Tim khusus menggeledah tiga lokasi guna mencari barang bukti  kasus pembunuhan Brigadir Nofriansyah Yosua Hutabarat atau Brigadir J pada Selasa (9/8//2022)


Kuasa Hukum Beberkan 6 Barang yang Disita Timsus dari Rumah Ferdy Sambo dan Mertua
Petugas kepolisian mengamankan rumah pribadi Irjen Pol Ferdy Sambo yang ditempati oleh ajudan dan sopirnya di Kompleks Polri Duren Tiga, Jalan Duren Tiga Utara II, Jakarta, Selasa (9/8/2022). (ANTARA FOTO/Galih Pradipta)

AKURAT.CO, Tim khusus menggeledah tiga lokasi guna mencari barang bukti  kasus pembunuhan Brigadir Nofriansyah Yosua Hutabarat atau Brigadir J pada Selasa (9/8//2022) malam.
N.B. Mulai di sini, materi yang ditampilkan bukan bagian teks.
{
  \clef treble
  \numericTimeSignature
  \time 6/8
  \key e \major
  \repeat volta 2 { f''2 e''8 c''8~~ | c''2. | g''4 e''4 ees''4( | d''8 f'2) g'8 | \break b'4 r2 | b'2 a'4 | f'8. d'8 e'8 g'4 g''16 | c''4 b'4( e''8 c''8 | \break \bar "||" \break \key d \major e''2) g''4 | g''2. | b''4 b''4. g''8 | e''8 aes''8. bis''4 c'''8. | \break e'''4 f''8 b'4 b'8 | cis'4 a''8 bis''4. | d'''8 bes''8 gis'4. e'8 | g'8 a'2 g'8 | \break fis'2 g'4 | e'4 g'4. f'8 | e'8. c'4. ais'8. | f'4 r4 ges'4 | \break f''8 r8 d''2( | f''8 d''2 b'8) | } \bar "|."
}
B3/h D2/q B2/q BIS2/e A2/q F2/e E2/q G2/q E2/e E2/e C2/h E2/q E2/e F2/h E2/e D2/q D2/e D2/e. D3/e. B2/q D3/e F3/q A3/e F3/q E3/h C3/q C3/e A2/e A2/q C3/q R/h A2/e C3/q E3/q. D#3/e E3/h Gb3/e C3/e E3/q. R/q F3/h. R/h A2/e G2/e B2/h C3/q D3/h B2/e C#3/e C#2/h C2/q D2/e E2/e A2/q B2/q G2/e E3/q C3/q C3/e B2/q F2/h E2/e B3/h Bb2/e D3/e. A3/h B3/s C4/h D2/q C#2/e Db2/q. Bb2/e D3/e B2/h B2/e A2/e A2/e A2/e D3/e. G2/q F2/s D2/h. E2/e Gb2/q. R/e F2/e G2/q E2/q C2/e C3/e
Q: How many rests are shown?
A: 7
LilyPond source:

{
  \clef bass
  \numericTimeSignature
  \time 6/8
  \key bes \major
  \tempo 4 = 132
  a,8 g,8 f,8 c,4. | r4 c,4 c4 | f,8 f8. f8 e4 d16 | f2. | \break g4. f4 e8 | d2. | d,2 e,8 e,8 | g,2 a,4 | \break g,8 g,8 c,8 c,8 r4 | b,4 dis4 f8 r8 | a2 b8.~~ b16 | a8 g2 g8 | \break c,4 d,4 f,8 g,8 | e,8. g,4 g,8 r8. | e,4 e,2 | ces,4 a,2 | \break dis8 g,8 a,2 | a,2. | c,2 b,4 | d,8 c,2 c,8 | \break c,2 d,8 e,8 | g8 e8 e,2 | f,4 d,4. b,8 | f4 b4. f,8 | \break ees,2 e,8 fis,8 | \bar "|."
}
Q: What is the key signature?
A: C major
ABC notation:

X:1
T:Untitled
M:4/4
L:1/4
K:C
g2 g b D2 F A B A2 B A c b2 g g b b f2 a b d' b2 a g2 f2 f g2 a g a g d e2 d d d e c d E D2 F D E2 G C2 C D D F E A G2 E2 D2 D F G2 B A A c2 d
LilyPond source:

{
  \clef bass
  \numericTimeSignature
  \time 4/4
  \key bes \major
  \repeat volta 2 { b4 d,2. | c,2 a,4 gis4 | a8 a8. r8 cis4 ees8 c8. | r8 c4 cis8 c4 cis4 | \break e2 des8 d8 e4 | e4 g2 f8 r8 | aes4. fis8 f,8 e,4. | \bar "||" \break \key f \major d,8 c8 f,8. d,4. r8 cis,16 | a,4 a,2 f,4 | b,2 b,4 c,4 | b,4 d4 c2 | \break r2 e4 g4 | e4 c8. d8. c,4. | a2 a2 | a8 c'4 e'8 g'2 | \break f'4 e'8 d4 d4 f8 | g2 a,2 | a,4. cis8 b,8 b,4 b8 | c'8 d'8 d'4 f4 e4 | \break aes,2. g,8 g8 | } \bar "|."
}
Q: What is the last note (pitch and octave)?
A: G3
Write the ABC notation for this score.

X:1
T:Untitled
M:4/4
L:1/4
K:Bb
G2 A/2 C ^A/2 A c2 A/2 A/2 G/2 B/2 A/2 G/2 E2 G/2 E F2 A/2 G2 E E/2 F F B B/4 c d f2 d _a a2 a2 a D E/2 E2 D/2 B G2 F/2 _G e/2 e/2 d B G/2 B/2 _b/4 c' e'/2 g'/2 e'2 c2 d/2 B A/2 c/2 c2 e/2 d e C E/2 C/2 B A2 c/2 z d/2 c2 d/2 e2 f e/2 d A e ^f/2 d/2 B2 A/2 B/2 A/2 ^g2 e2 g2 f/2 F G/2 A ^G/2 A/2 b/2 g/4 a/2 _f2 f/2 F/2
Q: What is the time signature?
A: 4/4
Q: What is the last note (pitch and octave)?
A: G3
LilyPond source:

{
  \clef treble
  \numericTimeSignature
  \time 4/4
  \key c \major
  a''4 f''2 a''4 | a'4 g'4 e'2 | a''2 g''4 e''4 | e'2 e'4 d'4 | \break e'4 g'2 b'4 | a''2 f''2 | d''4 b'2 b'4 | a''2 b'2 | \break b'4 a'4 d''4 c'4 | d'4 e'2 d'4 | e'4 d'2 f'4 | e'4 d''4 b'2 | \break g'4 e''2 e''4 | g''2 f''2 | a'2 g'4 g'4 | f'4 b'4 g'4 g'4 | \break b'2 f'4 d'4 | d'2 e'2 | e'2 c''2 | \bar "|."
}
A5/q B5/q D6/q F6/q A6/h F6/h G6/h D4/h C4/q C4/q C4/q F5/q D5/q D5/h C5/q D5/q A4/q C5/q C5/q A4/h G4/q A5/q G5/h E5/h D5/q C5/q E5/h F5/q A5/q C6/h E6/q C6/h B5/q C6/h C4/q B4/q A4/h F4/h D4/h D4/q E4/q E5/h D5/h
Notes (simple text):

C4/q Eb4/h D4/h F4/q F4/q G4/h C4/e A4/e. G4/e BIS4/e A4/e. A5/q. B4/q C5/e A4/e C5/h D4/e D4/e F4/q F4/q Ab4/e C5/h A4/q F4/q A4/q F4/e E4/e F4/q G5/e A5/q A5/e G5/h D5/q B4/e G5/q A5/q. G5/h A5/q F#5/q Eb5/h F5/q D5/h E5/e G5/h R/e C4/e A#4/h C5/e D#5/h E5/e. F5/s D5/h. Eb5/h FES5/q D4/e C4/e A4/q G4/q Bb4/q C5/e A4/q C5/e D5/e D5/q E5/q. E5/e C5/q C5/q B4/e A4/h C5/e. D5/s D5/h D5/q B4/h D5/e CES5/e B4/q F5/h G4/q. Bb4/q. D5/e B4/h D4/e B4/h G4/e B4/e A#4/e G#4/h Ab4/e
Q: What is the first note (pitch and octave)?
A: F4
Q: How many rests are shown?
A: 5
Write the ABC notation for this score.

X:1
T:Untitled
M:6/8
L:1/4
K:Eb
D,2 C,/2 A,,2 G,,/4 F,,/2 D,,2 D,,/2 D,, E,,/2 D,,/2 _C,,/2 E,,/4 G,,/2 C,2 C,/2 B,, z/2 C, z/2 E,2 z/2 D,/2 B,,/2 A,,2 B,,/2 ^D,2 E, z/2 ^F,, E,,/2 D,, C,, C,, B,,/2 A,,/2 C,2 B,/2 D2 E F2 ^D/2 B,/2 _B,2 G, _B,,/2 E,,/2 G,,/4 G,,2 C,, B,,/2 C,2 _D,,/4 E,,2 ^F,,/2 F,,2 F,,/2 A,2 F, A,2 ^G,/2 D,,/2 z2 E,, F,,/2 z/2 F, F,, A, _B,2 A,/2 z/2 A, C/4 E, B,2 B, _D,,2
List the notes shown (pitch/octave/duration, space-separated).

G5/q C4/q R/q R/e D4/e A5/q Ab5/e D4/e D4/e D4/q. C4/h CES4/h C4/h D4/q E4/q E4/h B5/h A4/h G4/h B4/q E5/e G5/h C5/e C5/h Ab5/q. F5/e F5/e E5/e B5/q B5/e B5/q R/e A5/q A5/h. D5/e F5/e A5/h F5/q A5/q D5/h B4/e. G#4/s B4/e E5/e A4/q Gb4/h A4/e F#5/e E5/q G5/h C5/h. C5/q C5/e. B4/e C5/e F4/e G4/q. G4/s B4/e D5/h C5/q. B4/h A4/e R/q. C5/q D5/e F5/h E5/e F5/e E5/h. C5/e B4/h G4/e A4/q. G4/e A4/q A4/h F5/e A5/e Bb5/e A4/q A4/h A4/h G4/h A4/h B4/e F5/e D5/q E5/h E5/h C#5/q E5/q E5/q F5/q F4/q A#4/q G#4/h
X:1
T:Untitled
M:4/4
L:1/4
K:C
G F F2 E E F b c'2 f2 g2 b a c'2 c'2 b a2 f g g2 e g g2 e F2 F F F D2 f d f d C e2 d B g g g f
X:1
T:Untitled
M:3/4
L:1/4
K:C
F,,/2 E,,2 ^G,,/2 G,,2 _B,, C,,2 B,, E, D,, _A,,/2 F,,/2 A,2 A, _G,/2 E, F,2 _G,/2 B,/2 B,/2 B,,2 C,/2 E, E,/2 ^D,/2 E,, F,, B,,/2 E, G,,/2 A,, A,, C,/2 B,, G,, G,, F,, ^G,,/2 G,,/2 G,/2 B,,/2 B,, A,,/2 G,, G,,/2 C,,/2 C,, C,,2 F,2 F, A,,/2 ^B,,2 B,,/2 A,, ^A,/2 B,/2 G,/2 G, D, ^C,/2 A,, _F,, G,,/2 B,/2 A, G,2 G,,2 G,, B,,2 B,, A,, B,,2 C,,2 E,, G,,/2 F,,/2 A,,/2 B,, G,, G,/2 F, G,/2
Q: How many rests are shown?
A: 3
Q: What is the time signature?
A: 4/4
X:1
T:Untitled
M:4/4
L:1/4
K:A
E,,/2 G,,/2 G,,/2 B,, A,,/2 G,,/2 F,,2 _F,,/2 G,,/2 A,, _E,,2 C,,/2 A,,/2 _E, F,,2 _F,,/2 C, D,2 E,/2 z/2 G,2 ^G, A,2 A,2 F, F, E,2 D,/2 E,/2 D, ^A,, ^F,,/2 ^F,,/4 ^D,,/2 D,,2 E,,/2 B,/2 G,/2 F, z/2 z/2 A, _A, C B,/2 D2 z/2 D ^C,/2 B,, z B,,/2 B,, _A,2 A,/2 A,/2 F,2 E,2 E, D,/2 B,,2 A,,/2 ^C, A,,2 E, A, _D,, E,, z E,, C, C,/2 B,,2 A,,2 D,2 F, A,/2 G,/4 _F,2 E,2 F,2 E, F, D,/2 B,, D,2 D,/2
Hasilnya polisi menyita enam barang bukti.

"Jadi ada proses penggeledahan dan dilanjutkan proses penyitaan oleh penyidik. Ya ini prosedur standarlah dari proses pengungkapan kasus. Jadi hanya sebatas itu yang dilakukan. Ada 6 item yang sempat di sita," kata kuasa hukum Ferdy Sambo, Irwan Irawan dalam keterangannya, Rabu (10/8/2022).

Irwan mengatakan, dua di antara enam barang yang disita polisi merupakan sepatu dan baju Ferdy. Barang-barang yang disita diduga berkaitan dengan pembunuhan Brigadir J.

baca juga:

"Mungkin yang diduga terkait dengan perkara ini," tambahnya.

Irwan mengatakan, Timsus menggeledah tiga rumah, satu di antaranya merupakan rumah mertua Ferdy di Jalan Bangka.

"Ya namanya juga mertua kan pasti (pernah berkunjung). Ada beberapa dia pasti berkunjung ke sini dan memang yang diduga terkait peristiwa yang ada tentu penyidik melakukan pengembangan lah," imbuh Irwan.

Kadiv Humas Polri Irjen Dedi Prasetyo sebelumnya memastikan bahwa penggeledahan rumah Ferdy telah mendapat restu dari Pengadilan Negeri Jakarta Selatan.

"Pada saat ini dari penyidik timsus melakukan penggeledahan di tiga lokasi. Di duren tiga nomor 58, kemudian di Saguling, dan satu lagi di Jalan Bangka. Tiga pemeriksaan tersebut dilakukan penggeledahan sudah dapat izin dari ketua pengadilan negeri Jakarta Selatan," kata Kadiv Humas Polri Irjen Dedi Prasetyo, Selasa (09/8/2022). 

Ferdy terancam hukuman mati. Ferdy ditetapkan sebagai tersangka pembunuhan Brigadir J dengan jeratan Pasal 340 subsider Pasal 338 juncto Pasal 55 juncto 56 KUHP. Pasal 340 mengatur pidana pembunuhan berencana.